First, you need to transform your coordinates to a "mathematical" coordinate system. Every two columns you shift your coordinates by 1 unit in the y-direction. The "mathamatical" coordinates (s, t) can be calculated from your coordinates (u,v) as follows:

s = u + floor(v/2) t = v

If you call one side of your hexagons a, the basis vectors of your coordinate system are (0, -sqrt(3)a) and (3a/2, sqrt(3)a/2). To find the minimum distance between your points, you need to calculate the manhattan distance in your coordinate system, which is given by |s1-s2|+|t1-t2| where s and t are the coordinates in your system. The manhattan distance only covers walking in the direction of your basis vectors so it only covers walking like that: |/ but not walking like that: |\. You need to transform your vectors into another coordinate system with basis vectors (0, -sqrt(3)a) and (3a/2, -sqrt(3)a/2). The coordinates in this system are given by s'=s-t and t'=t so the manhattan distance in this coordinate system is given by |s1'-s2'|+|t1'-t2'|. The distance you are looking for is the minimum of the two calculated manhattan distances. Your code would look like this:

struct point
{
  int u;
  int v;
}

int dist(point const & p, point const & q)
{
  int const ps = p.u + (p.v / 2); // integer division!
  int const pt = p.v;
  int const qs = q.u + (q.v / 2);
  int const qt = q.v;
  int const dist1 = abs(ps - qs) + abs(pt - qt);
  int const dist2 = abs((ps - pt) - (qs - qt)) + abs(pt - qt);
  return std::min(dist1, dist2);
}


回答4:

Here is what a did:

Taking one cell as center (it is easy to see if you choose 0,0), cells at distance dY form a big hexagon (with “radius” dY). One vertices of this hexagon is (dY2,dY). If dX<=dY2 the path is a zig-zag to the ram of the big hexagon with a distance dY. If not, then the path is the “diagonal” to the vertices, plus an vertical path from the vertices to the second cell, with add dX-dY2 cells.

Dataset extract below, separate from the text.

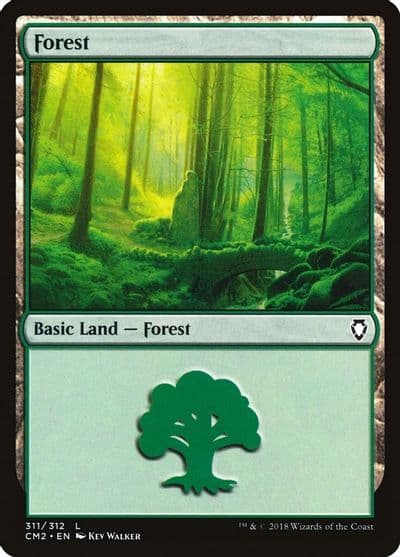 Forest 311 Commander Anthology Volume II Magic card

Maybe better to understand: led:

dX = abs(x1 - x2);
dY = abs(y1 - y2);
dY2= floor((abs(y1 - y2) +  (y1+1)%2  ) / 2);

Then:

 d = d((x1,y1),(x2,y2)) 
   = dX < dY2 ? dY : dY + dX-dY2 + y1%2 * dY%2


回答5:

Posting here after I saw a blog post of mine had gotten referral traffic from another answer here. It got voted down, rightly so, because it was incorrect; but it was a mischaracterization of the solution put forth in my post.

Your 'squiggly' axis - in terms of your x coordinate being displaced every other row - is going to cause you all sorts of headaches with trying to determine distances or doing pathfinding later on, if this is for a game of some sort. Hexagon grids lend themselves to three axes naturally, and a 'squared off' grid of hexagons will optimally have some negative coordinates, which allows for simpler math around distances.

Here's a grid with (x,y) mapped out, with x increasing to the lower right, and y increasing upwards.

By straightening things out, the third axis becomes obvious.

The neat thing about this, is that the three coordinates become interlinked - the sum of all three coordinates will always be 0.

With such a consistent coordinate system, the atomic distance between any two hexes is the largest change between the three coordinates, or:

d = max( abs(x1 - x2), abs(y1 -y2), abs( (-x1 + -y1) - (-x2 + -y2) )

Pretty straightforward. But you must fix your grid first!



回答6:

(odd-r)(without z, only x,y)

I saw some problems with realizations above. Sorry, I didn't check it all but. But maybe my solution will be helpful for someone and maybe it's a bad and not optimized solution.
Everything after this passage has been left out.